If we have a differentiable function $f: \mathbb{R}^n \to \mathbb{R}$ and then set $n-d$ coordinates to zero we get a new differentiable function $g: \mathbb{R}^d \to \mathbb{R}$. Now, given the gradient $\nabla_x f(x)$, how one can get $\nabla_y g(y)$?
My try
Let $x \in \mathbb{R}^n$ and $S \subset \{1,\dots,n\}$ such that $|S|=d$ where $|\cdot|$ is the cardinality of the set. Let $U_S$ be a restricted identity matrix such that the $j$-th entry of the diagonal matrix is maintained if $j \in S$ otherwise it is set to zero. Also, let $I_S$ be the restriction of $U_S$ where we keep nonzero columns and remove zero columns. Hence,
$$
g(y)=f(U_Sx)
$$
where $y=I_S^{\top}x$.
The above is the translation of what I stated in terms of functions $f$ and $g$.

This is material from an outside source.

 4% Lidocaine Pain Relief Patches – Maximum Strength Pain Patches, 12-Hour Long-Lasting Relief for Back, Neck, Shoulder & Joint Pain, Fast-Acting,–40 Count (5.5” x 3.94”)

From this point things are a little bit unclear. I think the answer should be $\nabla_y g(y)=I_S^{\top} \nabla_x f(x)$ but I do not know how to get it.
Also, I know using the chain rule $J_x f(U_S x)=J_{W} f(W)J_x W= J_{W} f(W)U_S$ where $J$ is the Jacobian and $W=U_S x$. In addition, $\nabla^{\top}_x f(U_Sx) = J_x f(U_S x)=J_{W} f(W)U_S$. I do not know how to put things together.
Best Answer
Since no one has posted an answer yet, and I get the same result as you suggest, I thought I'll post my solution for you to judge:
We have that $$U_S x = I_S y$$ so that, vieweing matrices as linear transformations $$g(y) = f(U_S x) = f(I_S y) = f\circ I_S (y)$$ And similar to what you write about $J_{U_S}(x)$ we have $J_{I_S}(y) = I_S$. Applying the chain rule: $J_{h_1 \circ h_2}(a) = J_{h_1}(h_2(a))J_{h_2}(a)$ then gives $$\begin{align} (\nabla_y g(y))^T = J_g(y) =\\ J_{f\circ I_S}(y) = \\ J_f(I_s y)J_{I_S}(y) = \\ J_f(U_s x)I_S = \\ (\nabla_x f(U_S x))^TI_S \implies \\ \nabla_y g(y) = [(\nabla_x f(U_S x))^TI_S]^T = I_S^T\nabla_x f(U_S x) \end{align} $$
Due to the definitions of $U_S$ and $I_S$, the zero columns in $I_S^T$ exactly matches the rows where $\nabla_x f(U_S x)$ and $\nabla_x f(x)$ might differ, so finally we obtain $$ \nabla_y g(y) = I_S^T\nabla_x f(U_S x) = I_S^T \nabla_x f(x) $$
Edit:
As pointed out in the comments, it would be more correct to write $$ \nabla_y g(y) = I_S^T\nabla_x f(I_S y) $$